*** EXTRACTED ENTRIES Section Begins ***

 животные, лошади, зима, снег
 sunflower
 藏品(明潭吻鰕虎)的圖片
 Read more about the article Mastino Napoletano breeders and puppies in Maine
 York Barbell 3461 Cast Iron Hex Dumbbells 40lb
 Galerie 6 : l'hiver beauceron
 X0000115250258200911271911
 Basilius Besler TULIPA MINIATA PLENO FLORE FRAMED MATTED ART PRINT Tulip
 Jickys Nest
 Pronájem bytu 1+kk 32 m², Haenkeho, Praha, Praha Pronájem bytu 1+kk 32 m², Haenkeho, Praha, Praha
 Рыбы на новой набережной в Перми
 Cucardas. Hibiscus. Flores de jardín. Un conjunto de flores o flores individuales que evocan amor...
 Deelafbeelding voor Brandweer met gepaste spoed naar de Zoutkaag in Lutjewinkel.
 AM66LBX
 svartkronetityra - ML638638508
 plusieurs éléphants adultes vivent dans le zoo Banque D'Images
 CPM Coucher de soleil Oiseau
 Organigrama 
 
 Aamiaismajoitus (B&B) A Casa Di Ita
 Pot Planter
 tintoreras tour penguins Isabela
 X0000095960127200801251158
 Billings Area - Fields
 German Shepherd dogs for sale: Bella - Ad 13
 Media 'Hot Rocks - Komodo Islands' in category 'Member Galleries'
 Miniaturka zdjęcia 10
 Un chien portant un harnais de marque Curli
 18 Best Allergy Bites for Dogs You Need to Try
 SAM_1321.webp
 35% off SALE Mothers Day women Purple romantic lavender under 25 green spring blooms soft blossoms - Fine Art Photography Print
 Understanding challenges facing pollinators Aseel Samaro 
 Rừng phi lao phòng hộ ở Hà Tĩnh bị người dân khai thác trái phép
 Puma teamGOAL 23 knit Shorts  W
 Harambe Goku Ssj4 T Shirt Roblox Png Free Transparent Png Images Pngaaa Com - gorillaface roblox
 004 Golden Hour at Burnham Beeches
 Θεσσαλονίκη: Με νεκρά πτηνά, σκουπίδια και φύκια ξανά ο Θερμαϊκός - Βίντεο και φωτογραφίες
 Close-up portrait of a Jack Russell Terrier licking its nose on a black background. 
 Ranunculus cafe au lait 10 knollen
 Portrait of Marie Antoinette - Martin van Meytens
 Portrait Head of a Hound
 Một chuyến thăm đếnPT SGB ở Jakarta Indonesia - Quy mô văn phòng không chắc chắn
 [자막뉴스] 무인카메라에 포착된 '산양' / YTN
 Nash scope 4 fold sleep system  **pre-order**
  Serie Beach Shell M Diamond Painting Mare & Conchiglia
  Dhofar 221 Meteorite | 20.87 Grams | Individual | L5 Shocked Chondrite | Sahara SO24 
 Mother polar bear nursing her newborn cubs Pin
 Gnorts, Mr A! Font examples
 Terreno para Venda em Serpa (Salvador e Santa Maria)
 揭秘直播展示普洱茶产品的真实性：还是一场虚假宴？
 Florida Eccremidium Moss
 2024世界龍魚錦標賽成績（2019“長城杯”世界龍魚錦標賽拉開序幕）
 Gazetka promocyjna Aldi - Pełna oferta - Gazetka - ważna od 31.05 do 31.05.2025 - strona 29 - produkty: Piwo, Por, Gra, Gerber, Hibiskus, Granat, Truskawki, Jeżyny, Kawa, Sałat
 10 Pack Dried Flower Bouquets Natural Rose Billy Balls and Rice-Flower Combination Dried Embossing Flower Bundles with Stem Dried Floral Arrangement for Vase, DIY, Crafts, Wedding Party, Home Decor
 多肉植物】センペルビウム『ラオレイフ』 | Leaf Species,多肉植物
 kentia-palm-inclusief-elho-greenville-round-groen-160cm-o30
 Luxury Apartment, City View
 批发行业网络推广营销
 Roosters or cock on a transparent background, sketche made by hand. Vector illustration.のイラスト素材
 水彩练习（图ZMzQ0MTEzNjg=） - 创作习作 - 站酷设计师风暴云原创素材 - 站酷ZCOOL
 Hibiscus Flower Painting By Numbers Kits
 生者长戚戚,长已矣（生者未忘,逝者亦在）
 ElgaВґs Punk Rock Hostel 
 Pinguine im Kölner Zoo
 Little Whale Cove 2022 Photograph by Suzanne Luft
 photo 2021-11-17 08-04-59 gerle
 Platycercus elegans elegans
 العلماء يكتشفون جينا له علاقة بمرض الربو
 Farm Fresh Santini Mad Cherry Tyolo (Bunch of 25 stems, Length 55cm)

*** EXTRACTED ENTRIES Section Ends ***

### WHAT YOU ARE ASKED TO DO
What is needed is an exact copy of the entries above, from the first line through the line holding "X0000115250258200911271911", with both of those lines kept; please give nothing else.

### REPLY
 животные, лошади, зима, снег
 sunflower
 藏品(明潭吻鰕虎)的圖片
 Read more about the article Mastino Napoletano breeders and puppies in Maine
 York Barbell 3461 Cast Iron Hex Dumbbells 40lb
 Galerie 6 : l'hiver beauceron
 X0000115250258200911271911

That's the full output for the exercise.